Niemals würde ich in diesem Fall nach Afrika fliegen
Soll er doch da ohne Kittel bei den Damen leben .
Ich würde mich in Ruhe in der leeren Wohnung- mit neuen Schloss an der Haustür einrichten und mir erst einmal ein paar schnuckIelige Briefträger usw. einladen
Und würde mir denken Super.
I want to be free and Independent
Wow! Karl. Was für eine super Geschichte. Ich bin total geplättet. Nicht friesch aufgebügelt, sondern geplättet. Was für eine Schreibe! Erinnert mich an jemanden. Sobald es mir einfällt, schreib ich's dir.

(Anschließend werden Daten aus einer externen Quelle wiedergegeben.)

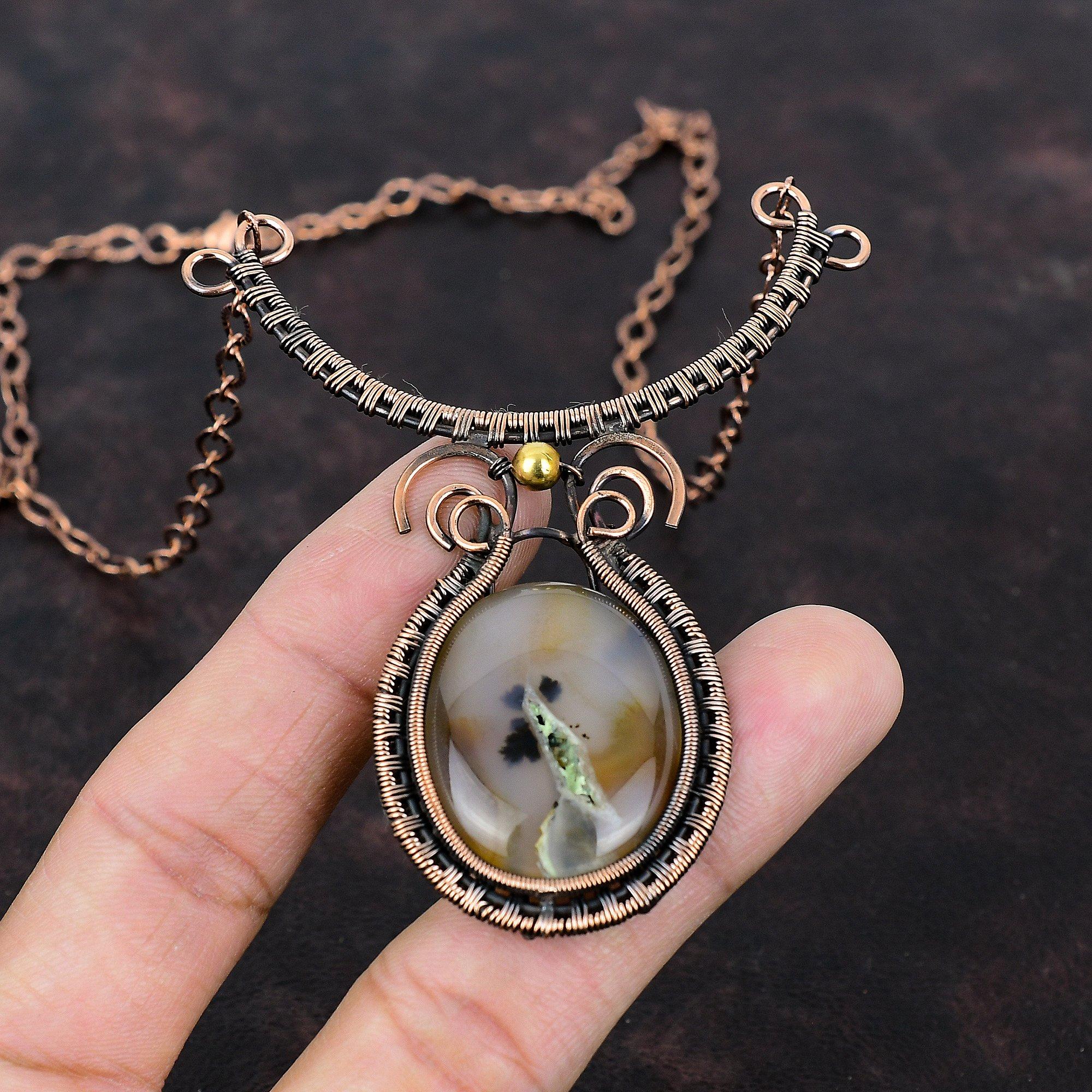 Ожерелье из монтской агаты, ожерелье, обмотанное медной проволокой, ожерелье с драгоценным камнем, регулируемое ожерелье, ожерелье ручной работы, украшение из медной проволоки, подарок для матери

Also später. Vielleicht bist du das dann auch und schreibst hier inkognito. Das wäre ein Ding.
Beeindruckte Grüße, Maria.
Deine, Marias und meine - sind allesamt erfundene Geschichten. Ähnlichkeiten mit lebenden Personen und Anwesenden gleich gar, sind Zufall ...
Also gut, obs deine ist, hast du nicht explizit erwähnt. Das kann also durchaus ein knallharter Tatsachenbericht sein, Maria hat es mindestens in einem posting erwähnt und ich habs gleich mit dazugeschrieben ...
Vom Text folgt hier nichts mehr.